White Rabbit Creamy Candy or White Rabbit is a milk candy made in Shanghai. Formed into cylinders, it is white. Starting out with a hard texture, it gradually becomes soft and chewy. Originally produced by the ABC Candy Factory of Shanghai in 1943, its name was ABC Mickey Mouse Sweets. Because of political upheavals in China, the Mickey Mouse in the logo was eventually deemed as Western (read: capitalistic). As such, it became White Rabbit Creamy Candy in 1959, and the iconic White Rabbit logo and its white, red, and white wrappers were born.
I spent my childhood from 1957 to 1964 in the coastal town of Ballesteros, Cagayan, and the only candy that I can remember is White Rabbit. Maybe I had no other choice. For sure, I bought it from ‘Nang Tilyang’s store, which was close to our house.
My friend Marian Ravelo Agas, who now resides in San Diego, also bought White Rabbit from ‘Nang Tilyang’s store on her way to our elementary school. “My best friend, Marilyn Catli, and I used to go to that store maybe twice a week as a treat if we had money,” she reminisced. “Each candy cost about 5 or 10 centavos. We liked White Rabbit because it was not so sweet as the other candies.”
Robert Balarbar, who grew up in Quezon City, vividly remembered the wrappers more than the candy. The first White Rabbit he tasted had a wrapper that stuck to the candy and was messy to separate. In later years, he had the luxury of relishing the candy’s edible rice-paper wrapper.
White Rabbit is a heavenly delight! Visual artist Joni Ramos of Santa Barbara, Pangasinan, humorously elevates the candy in his painting, The Ultimate White Rabbit Happiness (2016). The Laughing Buddha has an oversized White Rabbit on top of his head, and both seemingly float in the sky.
The love for White Rabbit knows no borders. Ming-Gon John Lian, Ed.D., who was my professor in special education at Illinois State University in Normal, Illinois, grew up in Buli, a small rural town in central Taiwan. His White Rabbit memories seemed to have happened just yesterday. “It tasted very good!” he recalled. “Very milky sweet! My family wasn’t wealthy, so Lunar New Year was the time we, the children, had White Rabbit, rather than expensive fancy candies.”
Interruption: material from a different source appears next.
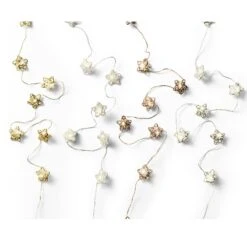 LED Lichterkette Sterne 20 LED Dekolichterkette Draht Weihnachtsdeko Gold -VIDAXL Store eeb00276 afd8 4ff3 b43f 1cee52301503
Yvonne Wolf, a television host and producer in Glenview, Illinois, has a flood of memories about White Rabbit:
“The candy melts in your mouth! Because it is white and the rabbit is a symbol used during the Mid-Autumn Festival, I think of the end of summer and being with my family in the summer evening when I was a child in Taiwan.”
For my tour guide Wahyu Nugraha, who grew up in Kediri, a small town in East Java, Indonesia, and is now based in Jogjakarta, White Rabbit brings memories of him helping his mother, Anastasia Sri Indiyah, clean their house. His mother would give him White Rabbit as a reward for helping her. White Rabbit reminds him of his mother, he said.
Luzheng Liu, M.D., Ph.D., my dermatologist in Lake Bluff, Illinois, grew up in China. White Rabbit is still her favorite candy, and she considers its taste as her standard for judging other candies.
When I shared White Rabbit stories with Lilian Dong, my friend in Shanghai, she was astonished that the candy was popular worldwide. She knew that White Rabbit was a Shanghai product and that it was exported widely. But she found it fascinating that White Rabbit had touched so many lives.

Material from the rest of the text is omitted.